Liz and Red exchanged a look. He pulled another chair over to Sam's bedside and sat, resting a cautious hand on Liz's back, offering her as much comfort as he dared with Sam's shrewd eyes watching their every move.
"You know what this is like, Daddy," Liz said. "You used to tell me about your soulmate when I was young—how the two of you burned bright and fast, and even though you never would've worked in the long run, you're a better man for having known her. You sharing that always made me feel better about falling for Tom before I met my soulmate. You weren't less than because you didn't end up with yours, so I wouldn't be either. Yeah, it was unfortunate it happened in that order, but it wouldn't matter—that's what I believed for a long time.
"But that day, Daddy… I could tell, even that first day, that it would matter. That I would never be the same as I was before I met Red. That I would never be able to look at my husband the same way again. Even if Tom hadn't been an evil son of a bitch, I wouldn't have been able to stay with him forever. All the things I thought I felt for Tom, all the time we spent together—it wouldn't be enough to make up for the fact that he wasn't Red. It's actually been a relief that Tom turned out to be a fraud, because that meant I was off the hook. I don't know what kind of person that makes me."
"Butterball, it doesn't make you any particular kind of person. And I don't mean you should've stayed away from Red forever, just… I don't know. I'm worried about you. The world isn't gonna be kind to you being with someone like him. It's sure not gonna be kind to you having a baby with him."
"I know that. You think I don't know that?" she said. "You think we just jumped into this completely blind? Hell, I tried to kill him because I couldn't handle what it meant for him to be my soulmate."
Sam let out a nervous laugh. "What? You tried to kill him?"
"More than once," Red clarified, with an incongruously warm smile on his face. He looked almost… proud. Sam seemed taken aback at his entire demeanor.
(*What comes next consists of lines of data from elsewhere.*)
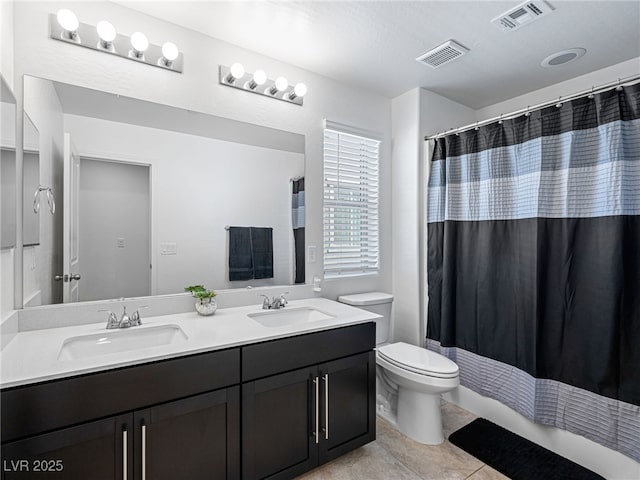 bathroom with tile patterned floors, walk in shower, vanity, and toilet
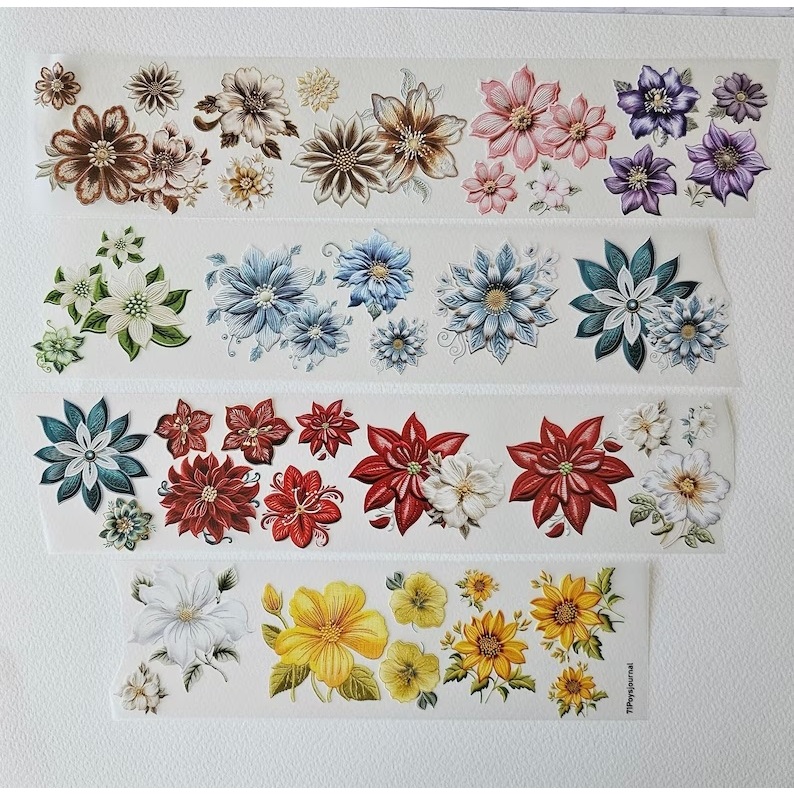 

71Poysjournal Embroidery Flower PET Tape Sticker - (Indonesian Brand)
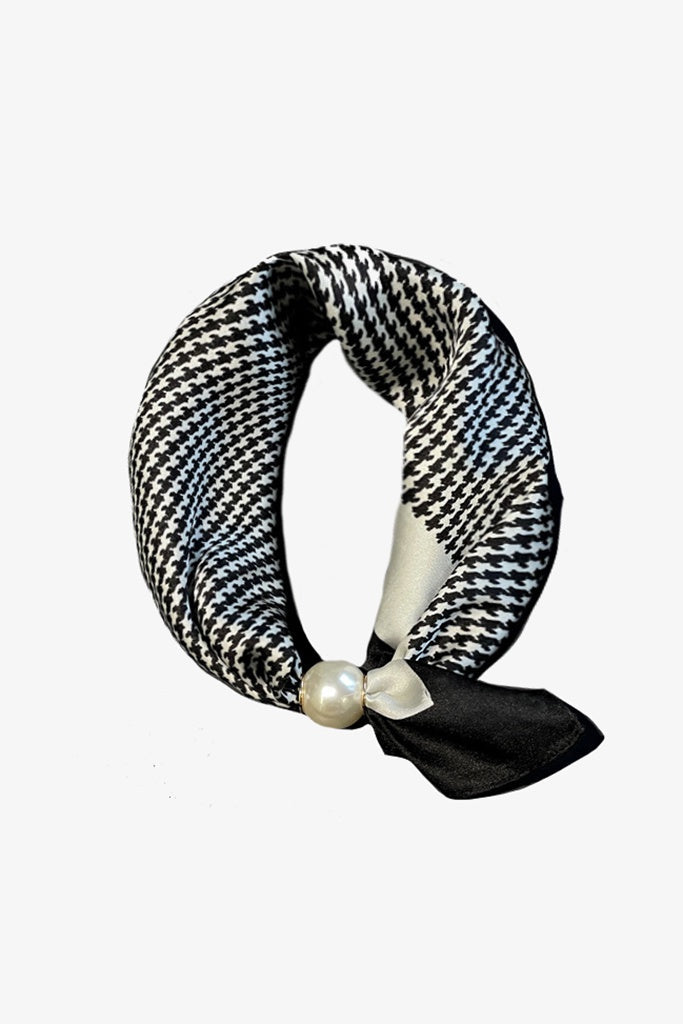 Pearl Fasten Neck Tie - Herringbone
"You're a helluva lot more forgiving than most people would be in that situation."
"Forgiving? I damn near proposed—despite the fact that we were complete strangers and she was still married at the time." Red sighed and Liz couldn't resist taking his hand and entwining their fingers.
"I thought I knew what it was like to need someone. I thought I knew what it was like to worry, to pine, to love. And maybe I did. But this… this is… so much more than anything I've ever felt before. I love your daughter, Sam. With everything that's left of my lonely, tattered soul. I hope… I hope that'll be enough."
Liz lifted Red's hand and pressed her lips to the back of it; he cleared his throat and blinked away the tears that had welled up in his eyes.